▸ DATA PROVIDED:
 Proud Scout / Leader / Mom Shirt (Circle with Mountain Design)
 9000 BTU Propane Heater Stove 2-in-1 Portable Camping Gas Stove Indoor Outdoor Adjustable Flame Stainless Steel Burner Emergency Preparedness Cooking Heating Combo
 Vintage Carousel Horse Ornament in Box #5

...

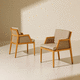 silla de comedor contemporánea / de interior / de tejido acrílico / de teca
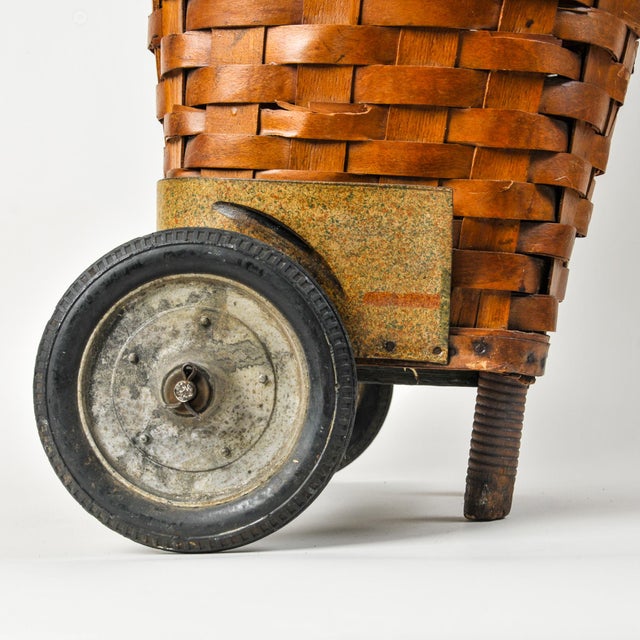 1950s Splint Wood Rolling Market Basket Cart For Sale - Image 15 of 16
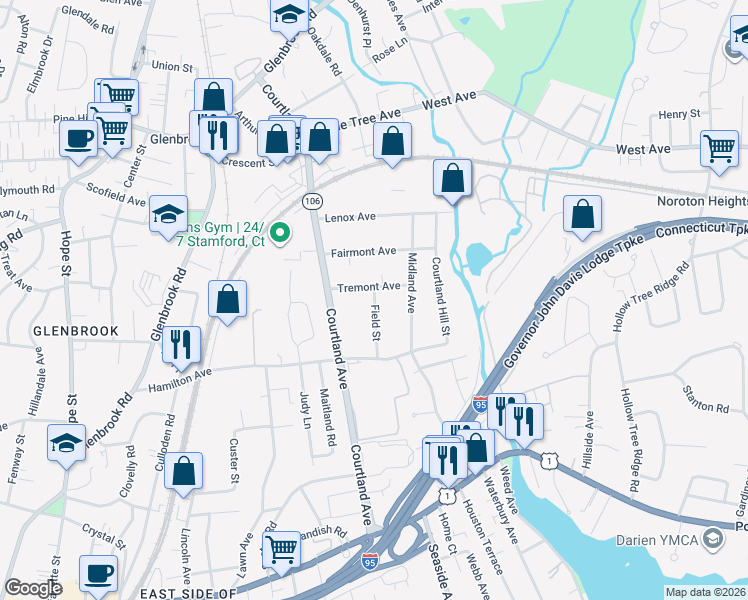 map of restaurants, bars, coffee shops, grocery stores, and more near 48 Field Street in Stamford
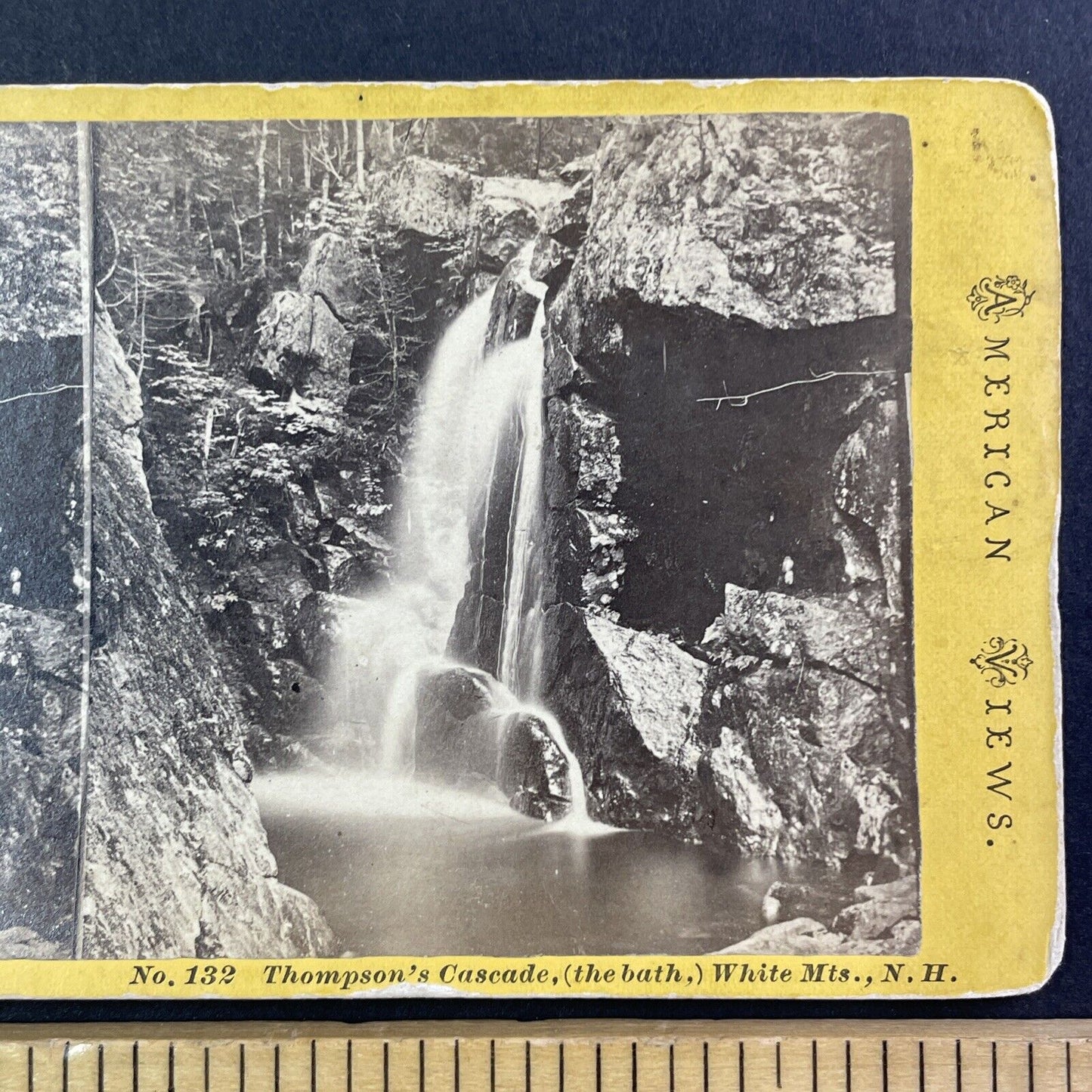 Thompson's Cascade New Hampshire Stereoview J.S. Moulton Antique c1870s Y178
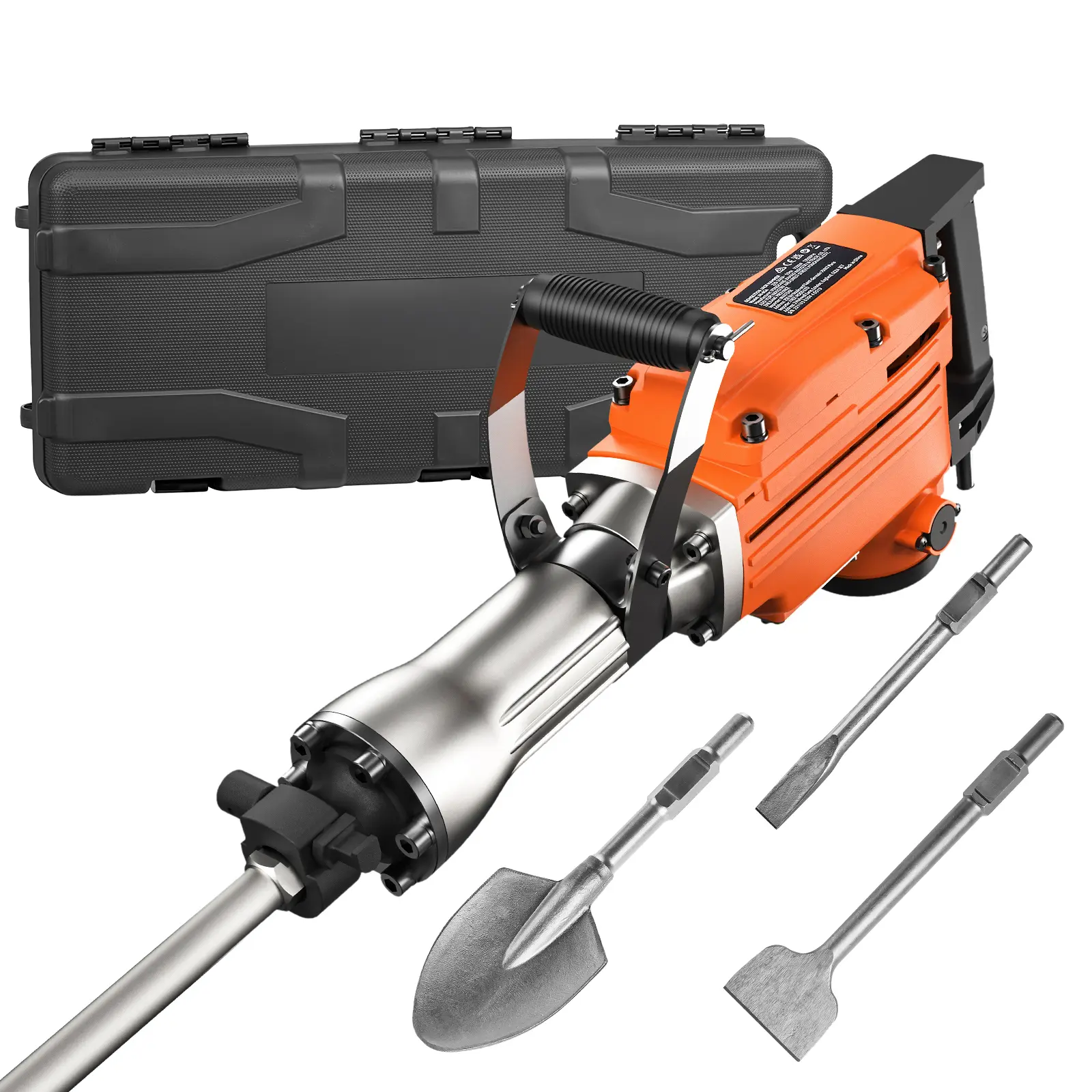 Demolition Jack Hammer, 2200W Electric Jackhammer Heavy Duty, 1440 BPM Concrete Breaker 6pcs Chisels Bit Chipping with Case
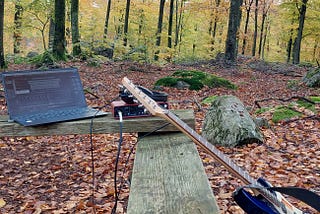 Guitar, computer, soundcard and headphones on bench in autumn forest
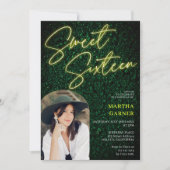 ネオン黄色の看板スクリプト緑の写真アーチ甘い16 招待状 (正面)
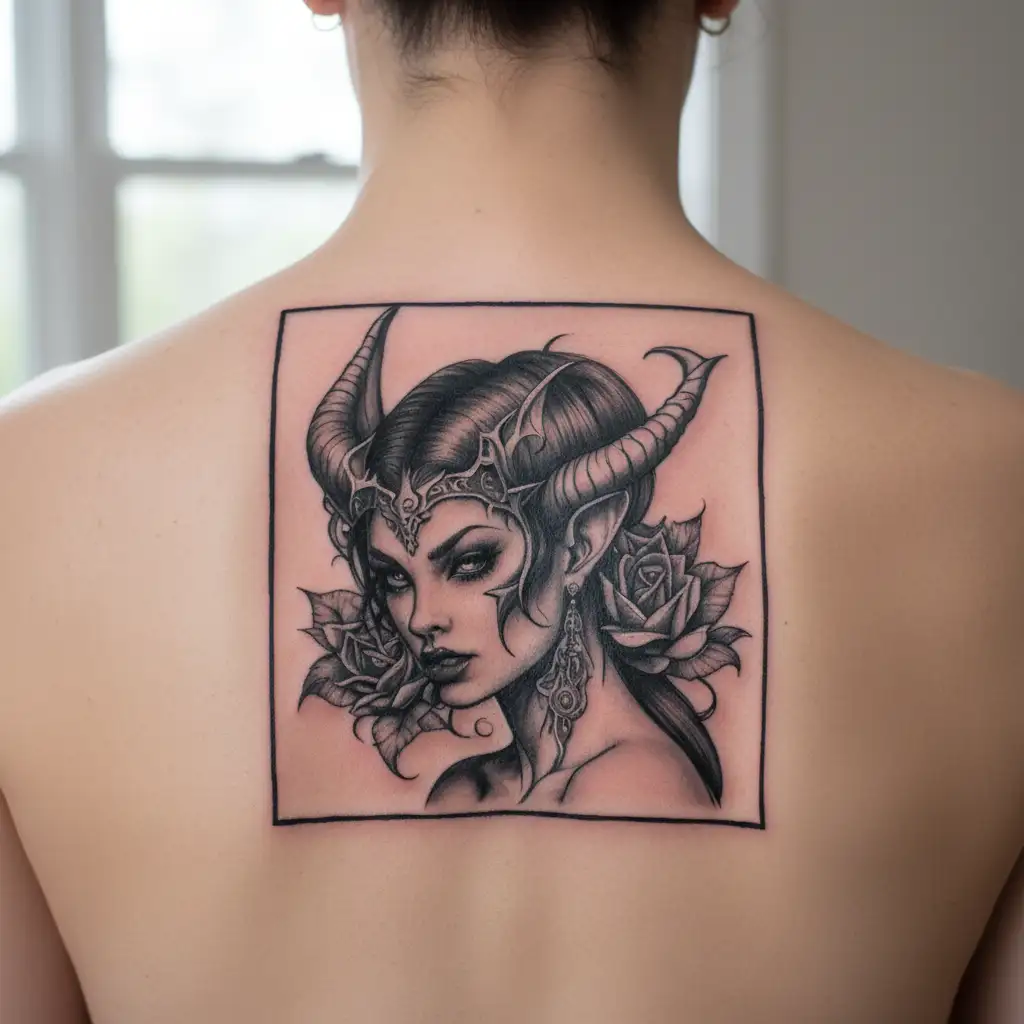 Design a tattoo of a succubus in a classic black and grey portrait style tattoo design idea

▸ HOW TO COMPLETE THIS TASK: Out of the records above, please copy exactly the lines from the line with "ネオン黄色の看板スクリプト緑の写真アーチ甘い16 招待状 (正面)" up to and including the line with "Design a tattoo", minus the pictures.

▸ EXERCISE ANSWER:
 ネオン黄色の看板スクリプト緑の写真アーチ甘い16 招待状 (正面)
 Design a tattoo of a succubus in a classic black and grey portrait style tattoo design idea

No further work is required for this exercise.